Commandline Tools

ICU-Tokenzier provides it’s full set of functionalities through the commandline. The commandline tools can be accessed by calling the module as a script.

python -m icu_tokenizer

Sentence Splitting

Split lines containing multiple sentences.

usage: python3 -m mt_experiments split [-h] [-l LANG] [-i INPUTS [INPUTS ...]]
                                       [-o OUTPUT] [-j NUM_WORKERS]
                                       [--show-pbar] [--verbose]

Named Arguments

-l, --lang

Language identifier

Default: “en”

-i, --inputs

Input files. Defaults to stdin.

Default: [<_io.TextIOWrapper name=’<stdin>’ mode=’r’ encoding=’UTF-8’>]

-o, --output

Output file. Defaults to stdout.

Default: <_io.TextIOWrapper name=’<stdout>’ mode=’w’ encoding=’UTF-8’>

-j, --num-workers

Number of processes to use

Default: 0

--show-pbar

Show progressbar

Default: False

--verbose

Print splits to stderr

Default: False

Normalize

Normalize text using unicode properties.

usage: python3 -m mt_experiments normalize [-h] [-l LANG] [-p] [-lc]
                                           [-i INPUTS [INPUTS ...]]
                                           [-o OUTPUT] [-j NUM_WORKERS]
                                           [--show-pbar]

Named Arguments

-l, --lang

Language identifier

Default: “en”

-p, --norm-puncts

Normalize punctuations

Default: False

-lc, --lowercase

Cast all characters to lowercase

Default: False

-i, --inputs

Input files. Defaults to stdin.

Default: [<_io.TextIOWrapper name=’<stdin>’ mode=’r’ encoding=’UTF-8’>]

-o, --output

Output file.
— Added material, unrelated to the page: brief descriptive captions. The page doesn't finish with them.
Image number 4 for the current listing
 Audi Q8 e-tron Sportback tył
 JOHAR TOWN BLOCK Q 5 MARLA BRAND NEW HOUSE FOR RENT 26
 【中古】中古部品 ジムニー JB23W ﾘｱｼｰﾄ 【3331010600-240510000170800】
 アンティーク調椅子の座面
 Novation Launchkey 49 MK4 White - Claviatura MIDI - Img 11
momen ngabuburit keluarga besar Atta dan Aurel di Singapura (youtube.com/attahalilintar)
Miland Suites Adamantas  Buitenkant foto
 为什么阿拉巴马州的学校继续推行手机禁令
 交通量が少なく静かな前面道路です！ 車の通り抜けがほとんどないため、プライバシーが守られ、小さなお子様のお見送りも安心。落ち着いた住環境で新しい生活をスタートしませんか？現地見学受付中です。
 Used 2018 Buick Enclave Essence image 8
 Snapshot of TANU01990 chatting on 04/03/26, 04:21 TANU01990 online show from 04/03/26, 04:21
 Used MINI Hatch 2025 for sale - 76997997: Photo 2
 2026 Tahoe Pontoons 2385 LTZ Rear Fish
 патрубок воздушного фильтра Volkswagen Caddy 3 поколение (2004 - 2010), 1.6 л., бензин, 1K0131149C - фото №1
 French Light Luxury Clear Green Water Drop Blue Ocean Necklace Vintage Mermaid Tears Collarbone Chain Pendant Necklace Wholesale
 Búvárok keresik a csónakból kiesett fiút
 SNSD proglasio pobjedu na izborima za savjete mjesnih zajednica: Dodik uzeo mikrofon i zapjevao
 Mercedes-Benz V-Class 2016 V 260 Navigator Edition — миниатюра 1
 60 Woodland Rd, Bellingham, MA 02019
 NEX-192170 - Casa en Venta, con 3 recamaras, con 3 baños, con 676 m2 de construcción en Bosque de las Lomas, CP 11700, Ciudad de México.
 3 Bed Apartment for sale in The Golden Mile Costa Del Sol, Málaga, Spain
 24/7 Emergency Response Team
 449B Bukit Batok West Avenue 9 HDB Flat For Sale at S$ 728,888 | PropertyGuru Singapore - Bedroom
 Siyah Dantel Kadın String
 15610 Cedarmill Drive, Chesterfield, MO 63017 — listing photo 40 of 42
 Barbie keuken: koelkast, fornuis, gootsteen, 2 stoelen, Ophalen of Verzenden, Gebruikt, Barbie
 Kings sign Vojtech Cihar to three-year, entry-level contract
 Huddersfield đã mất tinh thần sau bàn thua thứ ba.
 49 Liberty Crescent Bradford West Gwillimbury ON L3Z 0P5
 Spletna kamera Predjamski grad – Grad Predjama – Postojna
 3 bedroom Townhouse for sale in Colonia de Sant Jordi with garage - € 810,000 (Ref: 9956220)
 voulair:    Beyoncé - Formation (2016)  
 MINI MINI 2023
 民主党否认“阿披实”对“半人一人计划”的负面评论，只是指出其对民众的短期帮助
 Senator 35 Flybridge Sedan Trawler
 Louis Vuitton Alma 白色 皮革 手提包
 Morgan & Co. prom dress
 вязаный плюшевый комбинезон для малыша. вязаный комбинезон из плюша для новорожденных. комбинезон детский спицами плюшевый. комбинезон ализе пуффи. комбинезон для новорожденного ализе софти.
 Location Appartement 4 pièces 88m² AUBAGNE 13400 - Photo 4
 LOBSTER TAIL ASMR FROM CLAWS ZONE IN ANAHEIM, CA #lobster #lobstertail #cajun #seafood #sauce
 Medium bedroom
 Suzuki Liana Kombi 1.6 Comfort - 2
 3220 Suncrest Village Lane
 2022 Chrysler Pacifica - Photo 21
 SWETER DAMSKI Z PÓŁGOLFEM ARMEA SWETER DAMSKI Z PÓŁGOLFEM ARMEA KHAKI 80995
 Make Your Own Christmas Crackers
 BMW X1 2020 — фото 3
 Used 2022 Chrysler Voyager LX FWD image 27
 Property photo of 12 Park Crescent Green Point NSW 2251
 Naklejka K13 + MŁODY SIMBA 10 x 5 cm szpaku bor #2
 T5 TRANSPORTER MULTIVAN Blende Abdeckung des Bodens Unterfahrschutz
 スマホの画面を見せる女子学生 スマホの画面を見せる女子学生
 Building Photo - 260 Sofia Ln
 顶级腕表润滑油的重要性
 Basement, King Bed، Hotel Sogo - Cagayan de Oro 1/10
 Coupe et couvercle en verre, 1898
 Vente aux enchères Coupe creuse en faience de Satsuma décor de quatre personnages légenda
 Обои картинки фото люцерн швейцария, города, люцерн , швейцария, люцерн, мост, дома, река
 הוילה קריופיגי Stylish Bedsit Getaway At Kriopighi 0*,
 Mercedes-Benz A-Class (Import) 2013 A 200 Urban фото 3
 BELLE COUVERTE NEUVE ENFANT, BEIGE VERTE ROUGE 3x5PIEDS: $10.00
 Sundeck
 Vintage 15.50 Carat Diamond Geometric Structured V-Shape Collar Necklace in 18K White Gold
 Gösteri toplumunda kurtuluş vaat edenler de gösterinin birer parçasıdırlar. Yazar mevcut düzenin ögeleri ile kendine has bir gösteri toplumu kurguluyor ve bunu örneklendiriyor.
Defaults to stdout.

Default: <_io.TextIOWrapper name=’<stdout>’ mode=’w’ encoding=’UTF-8’>

-j, --num-workers

Number of processes to use

Default: 0

--show-pbar

Show progressbar

Default: False

Tokenize

Tokenize text using unicode properties.

usage: python3 -m mt_experiments tokenize [-h] [-i INPUTS [INPUTS ...]]
                                          [-o OUTPUT] [-l LANG] [-a] [-url]
                                          [-j NUM_WORKERS] [--show-pbar]

Named Arguments

-i, --inputs

Input files. Defaults to stdin.

Default: [<_io.TextIOWrapper name=’<stdin>’ mode=’r’ encoding=’UTF-8’>]

-o, --output

Output file. Defaults to stdout.

Default: <_io.TextIOWrapper name=’<stdout>’ mode=’w’ encoding=’UTF-8’>

-l, --lang

Language identifier

Default: “en”

-a, --annotate-hyphens

Annotate hyphens similar to moses

Default: False

-url, --protect-urls

Protect url patterns

Default: False

-j, --num-workers

Number of processes to use

Default: 0

--show-pbar

Show progressbar

Default: False